Requirement - Each entry needs to be given again, character for character.

The data -

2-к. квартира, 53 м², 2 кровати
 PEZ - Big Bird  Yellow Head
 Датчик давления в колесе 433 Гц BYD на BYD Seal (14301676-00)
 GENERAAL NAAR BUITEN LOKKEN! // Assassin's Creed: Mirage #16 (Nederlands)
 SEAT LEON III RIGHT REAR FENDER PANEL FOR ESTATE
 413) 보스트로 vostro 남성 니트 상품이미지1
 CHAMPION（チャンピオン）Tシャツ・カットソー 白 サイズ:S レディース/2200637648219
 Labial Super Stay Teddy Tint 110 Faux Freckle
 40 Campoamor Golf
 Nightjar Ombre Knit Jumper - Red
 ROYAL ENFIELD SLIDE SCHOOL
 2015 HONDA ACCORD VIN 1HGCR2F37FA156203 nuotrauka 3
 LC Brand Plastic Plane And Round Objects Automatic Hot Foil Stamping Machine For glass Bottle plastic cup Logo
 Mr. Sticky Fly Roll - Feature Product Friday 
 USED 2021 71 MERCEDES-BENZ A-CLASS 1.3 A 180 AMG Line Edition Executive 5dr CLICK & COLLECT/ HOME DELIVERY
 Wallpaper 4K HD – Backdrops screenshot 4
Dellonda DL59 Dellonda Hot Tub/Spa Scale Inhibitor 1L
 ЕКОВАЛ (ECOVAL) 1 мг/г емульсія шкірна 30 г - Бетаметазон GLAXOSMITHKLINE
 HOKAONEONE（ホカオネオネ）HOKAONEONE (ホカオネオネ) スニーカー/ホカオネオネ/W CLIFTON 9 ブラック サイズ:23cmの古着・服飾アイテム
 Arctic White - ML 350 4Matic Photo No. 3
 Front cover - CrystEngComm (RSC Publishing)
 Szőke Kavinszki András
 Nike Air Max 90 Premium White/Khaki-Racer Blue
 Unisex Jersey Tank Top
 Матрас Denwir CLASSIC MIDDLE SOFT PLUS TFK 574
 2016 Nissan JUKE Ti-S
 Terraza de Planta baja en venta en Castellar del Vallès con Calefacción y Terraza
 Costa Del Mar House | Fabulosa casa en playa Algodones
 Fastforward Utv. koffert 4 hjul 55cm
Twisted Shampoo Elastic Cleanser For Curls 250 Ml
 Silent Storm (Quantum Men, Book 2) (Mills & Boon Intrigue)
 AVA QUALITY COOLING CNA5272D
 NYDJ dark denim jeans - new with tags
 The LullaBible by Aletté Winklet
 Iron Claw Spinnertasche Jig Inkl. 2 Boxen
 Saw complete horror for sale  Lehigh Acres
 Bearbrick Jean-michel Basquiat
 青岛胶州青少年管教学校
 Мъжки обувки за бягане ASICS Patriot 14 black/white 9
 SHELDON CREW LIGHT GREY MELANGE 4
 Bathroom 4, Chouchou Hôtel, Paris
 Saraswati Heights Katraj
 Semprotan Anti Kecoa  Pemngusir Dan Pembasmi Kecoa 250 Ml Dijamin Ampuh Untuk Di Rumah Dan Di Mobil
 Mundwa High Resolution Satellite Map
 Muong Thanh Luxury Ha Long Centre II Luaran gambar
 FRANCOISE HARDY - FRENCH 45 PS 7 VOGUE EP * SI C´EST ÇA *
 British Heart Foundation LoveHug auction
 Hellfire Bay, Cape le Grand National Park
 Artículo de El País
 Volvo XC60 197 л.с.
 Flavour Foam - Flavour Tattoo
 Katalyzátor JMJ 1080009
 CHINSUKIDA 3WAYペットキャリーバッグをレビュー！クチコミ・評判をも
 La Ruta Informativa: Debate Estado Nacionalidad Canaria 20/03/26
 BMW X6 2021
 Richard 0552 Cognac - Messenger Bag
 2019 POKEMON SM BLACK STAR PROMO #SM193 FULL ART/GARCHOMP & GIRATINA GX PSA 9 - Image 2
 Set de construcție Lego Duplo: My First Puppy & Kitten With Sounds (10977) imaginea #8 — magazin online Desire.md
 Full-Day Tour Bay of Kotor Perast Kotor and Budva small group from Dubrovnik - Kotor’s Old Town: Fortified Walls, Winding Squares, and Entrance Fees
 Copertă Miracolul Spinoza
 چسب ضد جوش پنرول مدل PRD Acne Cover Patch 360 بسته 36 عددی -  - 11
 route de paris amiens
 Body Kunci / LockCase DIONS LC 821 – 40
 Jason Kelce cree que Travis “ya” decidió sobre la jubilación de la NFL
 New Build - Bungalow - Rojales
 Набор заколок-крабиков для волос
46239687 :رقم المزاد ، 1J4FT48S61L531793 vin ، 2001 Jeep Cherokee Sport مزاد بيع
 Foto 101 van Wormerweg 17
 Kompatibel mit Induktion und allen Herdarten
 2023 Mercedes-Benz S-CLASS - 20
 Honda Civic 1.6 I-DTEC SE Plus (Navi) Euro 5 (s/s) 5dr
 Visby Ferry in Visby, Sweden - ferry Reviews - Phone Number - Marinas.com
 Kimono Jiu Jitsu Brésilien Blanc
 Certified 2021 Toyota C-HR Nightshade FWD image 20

Result of this exercise -
2-к. квартира, 53 м², 2 кровати
 PEZ - Big Bird  Yellow Head
 Датчик давления в колесе 433 Гц BYD на BYD Seal (14301676-00)
 GENERAAL NAAR BUITEN LOKKEN! // Assassin's Creed: Mirage #16 (Nederlands)
 SEAT LEON III RIGHT REAR FENDER PANEL FOR ESTATE
 413) 보스트로 vostro 남성 니트 상품이미지1
 CHAMPION（チャンピオン）Tシャツ・カットソー 白 サイズ:S レディース/2200637648219
 Labial Super Stay Teddy Tint 110 Faux Freckle
 40 Campoamor Golf
 Nightjar Ombre Knit Jumper - Red
 ROYAL ENFIELD SLIDE SCHOOL
 2015 HONDA ACCORD VIN 1HGCR2F37FA156203 nuotrauka 3
 LC Brand Plastic Plane And Round Objects Automatic Hot Foil Stamping Machine For glass Bottle plastic cup Logo
 Mr. Sticky Fly Roll - Feature Product Friday 
 USED 2021 71 MERCEDES-BENZ A-CLASS 1.3 A 180 AMG Line Edition Executive 5dr CLICK & COLLECT/ HOME DELIVERY
 Wallpaper 4K HD – Backdrops screenshot 4
Dellonda DL59 Dellonda Hot Tub/Spa Scale Inhibitor 1L
 ЕКОВАЛ (ECOVAL) 1 мг/г емульсія шкірна 30 г - Бетаметазон GLAXOSMITHKLINE
 HOKAONEONE（ホカオネオネ）HOKAONEONE (ホカオネオネ) スニーカー/ホカオネオネ/W CLIFTON 9 ブラック サイズ:23cmの古着・服飾アイテム
 Arctic White - ML 350 4Matic Photo No. 3
 Front cover - CrystEngComm (RSC Publishing)
 Szőke Kavinszki András
 Nike Air Max 90 Premium White/Khaki-Racer Blue
 Unisex Jersey Tank Top
 Матрас Denwir CLASSIC MIDDLE SOFT PLUS TFK 574
 2016 Nissan JUKE Ti-S
 Terraza de Planta baja en venta en Castellar del Vallès con Calefacción y Terraza
 Costa Del Mar House | Fabulosa casa en playa Algodones
 Fastforward Utv. koffert 4 hjul 55cm
Twisted Shampoo Elastic Cleanser For Curls 250 Ml
 Silent Storm (Quantum Men, Book 2) (Mills & Boon Intrigue)
 AVA QUALITY COOLING CNA5272D
 NYDJ dark denim jeans - new with tags
 The LullaBible by Aletté Winklet
 Iron Claw Spinnertasche Jig Inkl. 2 Boxen
 Saw complete horror for sale  Lehigh Acres
 Bearbrick Jean-michel Basquiat
 青岛胶州青少年管教学校
 Мъжки обувки за бягане ASICS Patriot 14 black/white 9
 SHELDON CREW LIGHT GREY MELANGE 4
 Bathroom 4, Chouchou Hôtel, Paris
 Saraswati Heights Katraj
 Semprotan Anti Kecoa  Pemngusir Dan Pembasmi Kecoa 250 Ml Dijamin Ampuh Untuk Di Rumah Dan Di Mobil
 Mundwa High Resolution Satellite Map
 Muong Thanh Luxury Ha Long Centre II Luaran gambar
 FRANCOISE HARDY - FRENCH 45 PS 7 VOGUE EP * SI C´EST ÇA *
 British Heart Foundation LoveHug auction
 Hellfire Bay, Cape le Grand National Park
 Artículo de El País
 Volvo XC60 197 л.с.
 Flavour Foam - Flavour Tattoo
 Katalyzátor JMJ 1080009
 CHINSUKIDA 3WAYペットキャリーバッグをレビュー！クチコミ・評判をも
 La Ruta Informativa: Debate Estado Nacionalidad Canaria 20/03/26
 BMW X6 2021
 Richard 0552 Cognac - Messenger Bag
 2019 POKEMON SM BLACK STAR PROMO #SM193 FULL ART/GARCHOMP & GIRATINA GX PSA 9 - Image 2
 Set de construcție Lego Duplo: My First Puppy & Kitten With Sounds (10977) imaginea #8 — magazin online Desire.md
 Full-Day Tour Bay of Kotor Perast Kotor and Budva small group from Dubrovnik - Kotor’s Old Town: Fortified Walls, Winding Squares, and Entrance Fees
 Copertă Miracolul Spinoza
 چسب ضد جوش پنرول مدل PRD Acne Cover Patch 360 بسته 36 عددی -  - 11
 route de paris amiens
 Body Kunci / LockCase DIONS LC 821 – 40
 Jason Kelce cree que Travis “ya” decidió sobre la jubilación de la NFL
 New Build - Bungalow - Rojales
 Набор заколок-крабиков для волос
46239687 :رقم المزاد ، 1J4FT48S61L531793 vin ، 2001 Jeep Cherokee Sport مزاد بيع
 Foto 101 van Wormerweg 17
 Kompatibel mit Induktion und allen Herdarten
 2023 Mercedes-Benz S-CLASS - 20
 Honda Civic 1.6 I-DTEC SE Plus (Navi) Euro 5 (s/s) 5dr
 Visby Ferry in Visby, Sweden - ferry Reviews - Phone Number - Marinas.com
 Kimono Jiu Jitsu Brésilien Blanc
 Certified 2021 Toyota C-HR Nightshade FWD image 20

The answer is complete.